For Spark >=1.5, you are provided with numbers of date processing functions and you can use these functions in your case.

pyspark.sql.functions.year

pyspark.sql.functions.month

pyspark.sql.functions.dayofmonth

pyspark.sql.functions.dayofweek()

pyspark.sql.functions.dayofyear

pyspark.sql.functions.weekofyear()

import datetime

from pyspark.sql.functions import year, month, dayofmonth

elevDF = sc.parallelize([

    (datetime.datetime(1984, 1, 1, 0, 0), 1, 638.55),

    (datetime.datetime(1984, 1, 1, 0, 0), 2, 638.55),

    (datetime.datetime(1984, 1, 1, 0, 0), 3, 638.55),

    (datetime.datetime(1984, 1, 1, 0, 0), 4, 638.55),

    (datetime.datetime(1984, 1, 1, 0, 0), 5, 638.55)

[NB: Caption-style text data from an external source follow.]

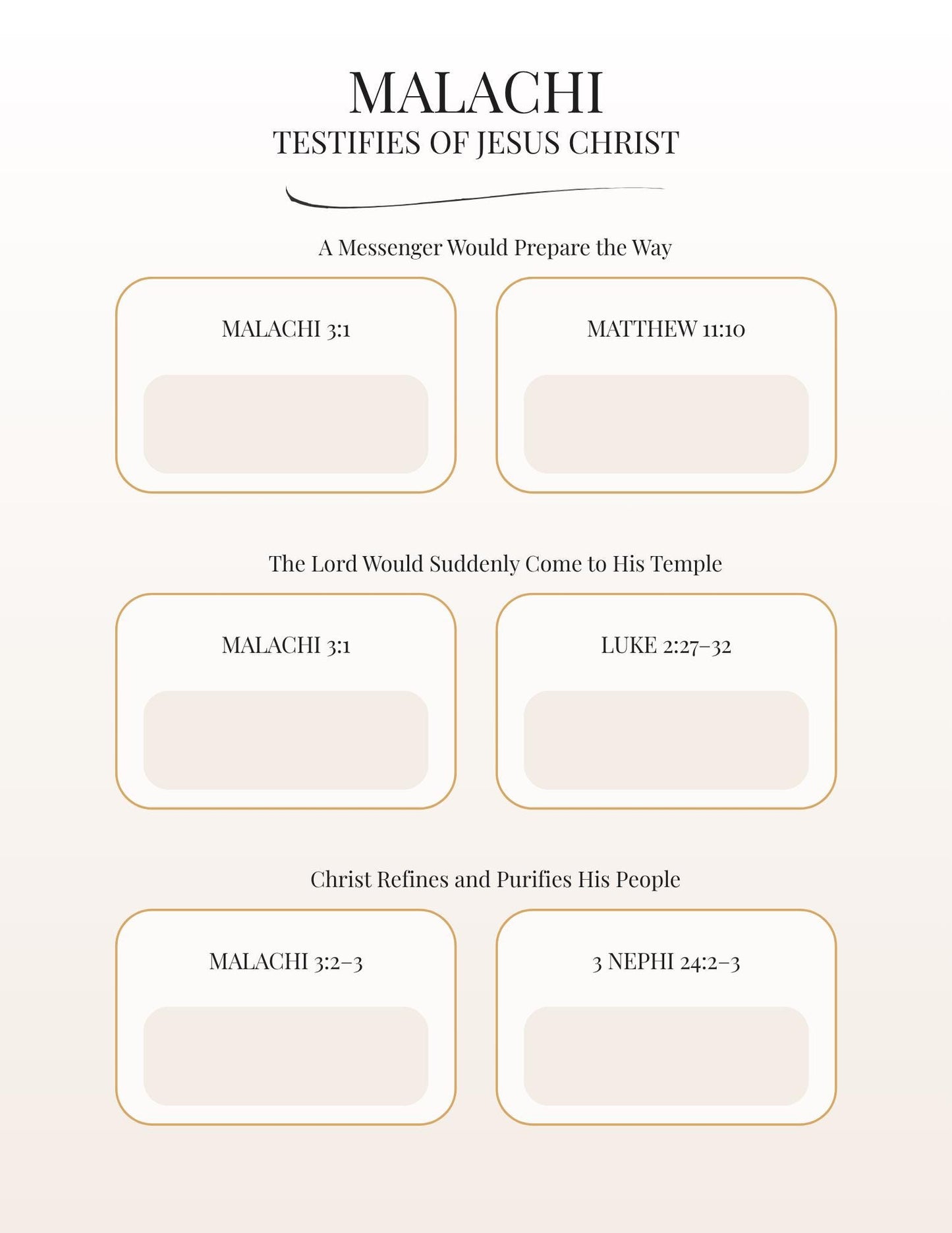 Isaiah's Messianic Prophecies Bible Study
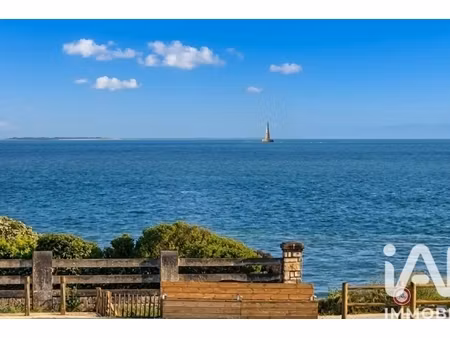 annonce appartement à vendre
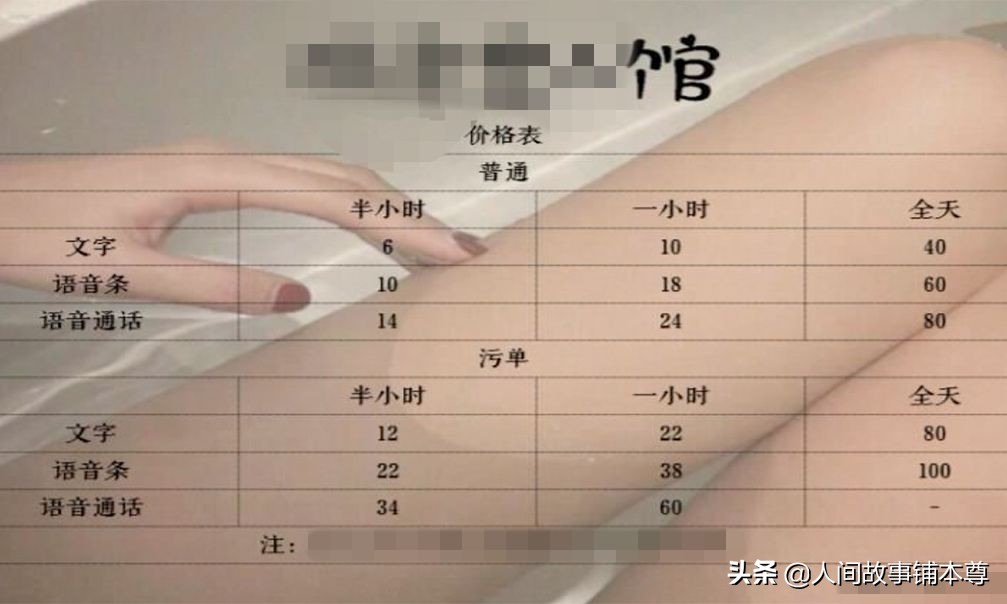 我知道，我就是个“网络*女妓**”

]).toDF(["date", "hour", "value"])

elevDF.select(

    year("date").alias('year'), 

    month("date").alias('month'), 

    dayofmonth("date").alias('day')

).show()

# +----+-----+---+

# |year|month|day|

# +----+-----+---+

# |1984|    1| 1|

# |1984|    1| 1|

# |1984|    1| 1|

# |1984|    1| 1|

# |1984|    1| 1|

# +----+-----+---+

Now, I would simply suggest you to use map with any other RDD:

elevDF = sqlContext.createDataFrame(sc.parallelize([

        Row(date=datetime.datetime(1984, 1, 1, 0, 0), hour=1, value=638.55),

        Row(date=datetime.datetime(1984, 1, 1, 0, 0), hour=2, value=638.55),

        Row(date=datetime.datetime(1984, 1, 1, 0, 0), hour=3, value=638.55),

        Row(date=datetime.datetime(1984, 1, 1, 0, 0), hour=4, value=638.55),

        Row(date=datetime.datetime(1984, 1, 1, 0, 0), hour=5, value=638.55)]))

(elevDF

 .map(lambda (date, hour, value): (date.year, date.month, date.day))

 .collect())

and the result is:

[(1984, 1, 1), (1984, 1, 1), (1984, 1, 1), (1984, 1, 1), (1984, 1, 1)]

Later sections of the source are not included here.